Copper and the Corridor

Tesla's copper consumption is enormous and growing. Every electric vehicle requires three to four times more copper than a conventional internal combustion engine vehicle, used in the battery, electric motor, inverter, wiring harness, and charging infrastructure. Tesla's estimated annual copper consumption of 130,000 to 160,000 tonnes makes it one of the largest single corporate consumers of refined copper in the world.

The DRC and Zambia together produce over 2.5 million tonnes of copper annually, much of which is exported via the Lobito Corridor's rail and port infrastructure. While Tesla does not directly purchase copper from corridor producers, the company's demand contributes to the global copper price environment that drives investment in corridor mining operations and infrastructure. The Lobito Atlantic Railway's purpose is to facilitate the export of exactly the kind of minerals that end up in Tesla's products.

IRA Compliance and Geopolitical Pressures

Inflation Reduction Act Requirements

The United States Inflation Reduction Act (IRA) of 2022 has become a defining force in Tesla's mineral sourcing strategy. The IRA's clean vehicle tax credit provisions impose progressively stringent requirements on battery mineral sourcing, requiring that increasing percentages of critical minerals be extracted or processed in countries with which the United States has a free trade agreement, or recycled in North America. Crucially, the law prohibits vehicles containing battery components or critical minerals from "foreign entities of concern" (FEOC) from qualifying for the full $7,500 consumer tax credit.

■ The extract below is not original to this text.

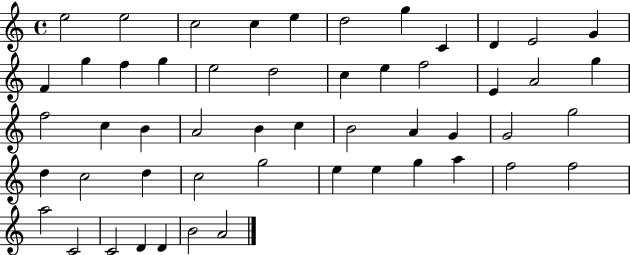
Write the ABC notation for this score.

The FEOC provisions, which became effective in 2024 for battery components and will apply to critical minerals from 2025, directly target Chinese ownership and control in the battery supply chain. Since CATL is Tesla's largest battery supplier and a Chinese company, this creates a fundamental tension in Tesla's supply chain architecture. Tesla must either restructure its sourcing to reduce Chinese processing exposure, develop domestic or allied-nation processing capacity, or accept that certain vehicle configurations will not qualify for the full IRA tax credit.

This regulatory pressure is accelerating Tesla's interest in non-Chinese supply chains for critical minerals, which in turn increases the strategic importance of African mineral sources connected to Western-aligned processing pathways. The Lobito Corridor, as the primary US-backed infrastructure project for extracting critical minerals from the DRC and Zambia, stands to benefit directly from Tesla's need to establish IRA-compliant supply chains.

Strategic Mineral Investments

Tesla has made several direct investments in mineral processing to reduce supply chain risk and improve IRA compliance:

Lithium Refinery, Corpus Christi, Texas: Tesla broke ground on its first lithium refinery on the Texas Gulf Coast in 2022, with initial operations commencing in 2024-2025. The facility is designed to process spodumene concentrate (sourced primarily from Australia) into battery-grade lithium hydroxide. When fully operational, the refinery is expected to produce enough lithium hydroxide for approximately one million vehicles annually. This investment represents Tesla's first major move into direct mineral processing and is explicitly motivated by IRA compliance and supply chain security considerations.

Nickel Supply Agreements: Tesla has signed long-term supply agreements with nickel producers in New Caledonia, Indonesia, and Australia, seeking to secure IRA-compliant nickel supply. The company's 2022 agreement with PT Vale Indonesia and the subsequent investment in nickel processing capacity reflect the urgency of diversifying away from Chinese-processed nickel.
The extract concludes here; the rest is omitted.